I am one of several co-authors of a new report released on January 24 in Miami by the National Conference on Citizenship and its Florida and Minnesota partners. According to Tale of Two Cities: Civic Heath in Miami and Minneapolis-St. Paul, Miami is the least civically engaged major city in the country, and Minneapolis-St. Paul is the most engaged metropolitan area.
In both communities (as elsewhere in the United States), people with more education and income tend to engage more in civic affairs. But individuals in Minneapolis-St. Paul who are in the lowest income group are more likely to volunteer, attend public meetings, work with neighbors, participate in politics outside of elections, and participate in associations than are people in the wealthiest tier in Miami. An individual with a high school education in Minneapolis-St. Paul is about as likely to be engaged as an individual with a college education in Miami.

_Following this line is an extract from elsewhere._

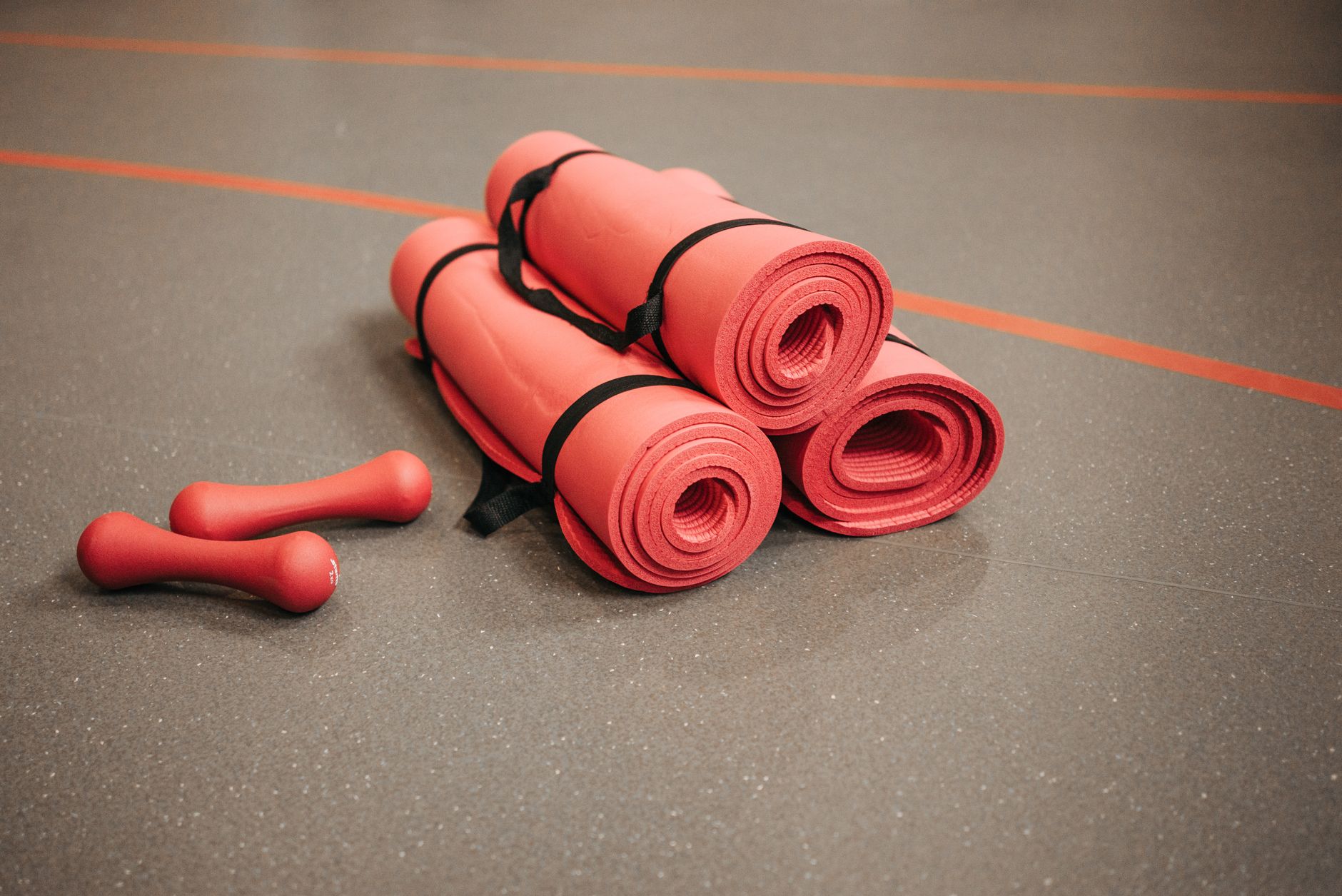Red rolled yoga mats bundled with black straps and red hand weights on dark floor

The report finds that the civic culture of Minneapolis-St. Paul is oriented toward enlisting and empowering diverse people–paid employees as well as volunteers–in the common work of shaping the area’s future without abandoning their own cultural backgrounds and values. This culture of civic empowerment generates a widespread sense of optimism that people can shape their common future. Those norms are less evident in the Miami area, which appears to be more balkanized and less reliant on citizens to create a common future. Our colleague Harry Boyte provides a historical and interpretive portrait of civic culture in the Twin Cities that should inspire similar strategies everywhere.